Like his father and his grandfather before him, Shep Ysselstein's life revolved around milk production.
Gunn's Hill, near Woodstock, Ont., has been a dairy farm since the 1800s, and since the Ysselstein family bought it in the 1960s, the daily routine is to feed and milk the herd of 130 Holsteins morning and evening.
"We produced milk and they just trucked it away and it was hard to know where it was used. It's blended into the pool and some of it goes to bottled milk and some goes to cheese plants," Mr. Ysselstein explains. But he started thinking of an alternative when he took a break from the farm to earn a business administration degree at an agricultural college in Iowa.
He has four other brothers and two had already moved away from the farm to pursue other careers. He'd seen many other family farms get sold because the younger generation didn't want to put in the hours it takes to make a living farming.

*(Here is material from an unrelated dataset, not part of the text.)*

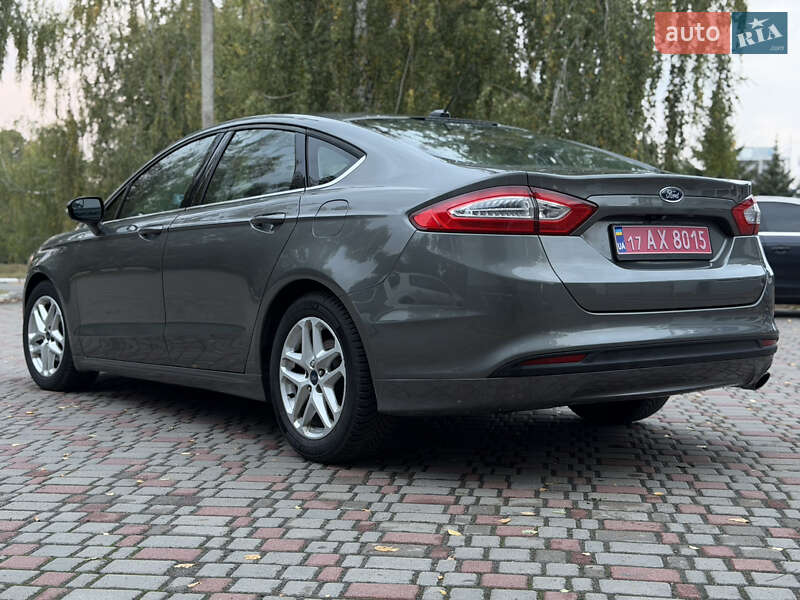Седан Ford Fusion 2014 в Лубнах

"I really like business, and farming is a business. But milking cows every single day wasn't necessarily for me," he says. "The cows never talk to you and it can get pretty lonely being around them all day long."
Rather than sending away the milk, his inspiration was to use it to make artisanal cheeses to add more value to the farm.
Shifting from just selling raw materials to either producing products from them or branding their source is a fast growing trend, says David Sparling, the chairman of agri-food innovation in the University of Western Ontario's Richard Ivey School of Business in London, Ont.
His research has found that a diversification strategy is increasingly necessary as many farmers need to capture more value from their land. One factor is that it's expensive to expand land holdings to increase production, particularly in the dairy business. Also, family members are getting training and skills needed to run farm businesses better, he says.
"Around the country there is a growing recognition that innovation in food products and capturing added value on farms is the best bet for rural communities to expand jobs and build economic growth," Prof. Sparling says. These can include growing vegetables in greenhouses for restaurants or retailers, as well as packaging or processing on the farm to capture more value rather than shipping it away.
At the same time, a number of government programs are encouraging diversification of farming.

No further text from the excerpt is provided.